Tel est le régime appliqué depuis dix ans en Angleterre, et qui n’a pas jusqu’ici amené la ruine de nos voisins. Nous pourrions aussi, pour montrer qu’on gagne toujours à tenir compte de l’étendue des forces humaines et que la qualité peut aisément compenser la durée, tirer un argument du bill de 1847, qui limite à dix heures le travail même des adultes ; mais nous ne voulons parler que des enfans, sans entrer dans la question, fort différente à beaucoup d’égards, de la limitation du travail des adultes. On nous permettra seulement de rappeler à cette occasion qu’en 1829 les hommes d’état les plus éminens de l’Angleterre affirmaient que la prospérité industrielle de la nation serait compromise, si on réduisait à moins de douze heures, non pas le travail des femmes comme en 1844, ou celui des adultes, comme en 1847, mais celui des adolescens : tant les idées simples et justes ont de peine à faire leur chemin !

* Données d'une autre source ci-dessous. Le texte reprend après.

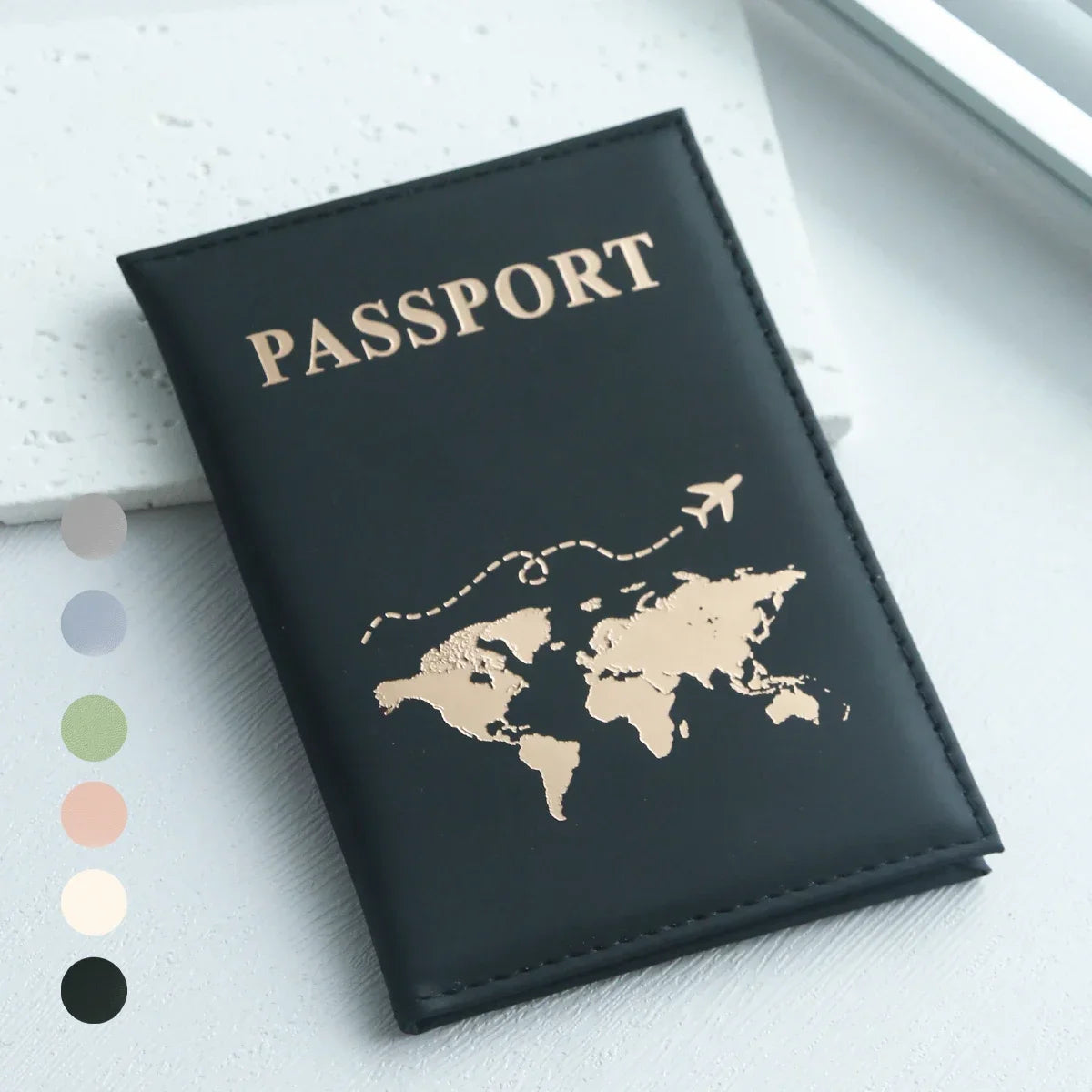 Slim World Map Passport Cover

Maintenant, après avoir rappelé qu’en Prusse, depuis la loi de 1839, les enfans ne sont pas admis dans les manufactures avant l’âge de neuf ans, que le travail des adolescens y est réduit à soixante heures par semaine, et que l’Autriche et la confédération germanique sont également entrées dans la voie de la réglementation, nous allons indiquer rapidement ce qui a été fait en France, et il nous sera trop aisé de montrer les lacunes et les vices de la législation actuelle.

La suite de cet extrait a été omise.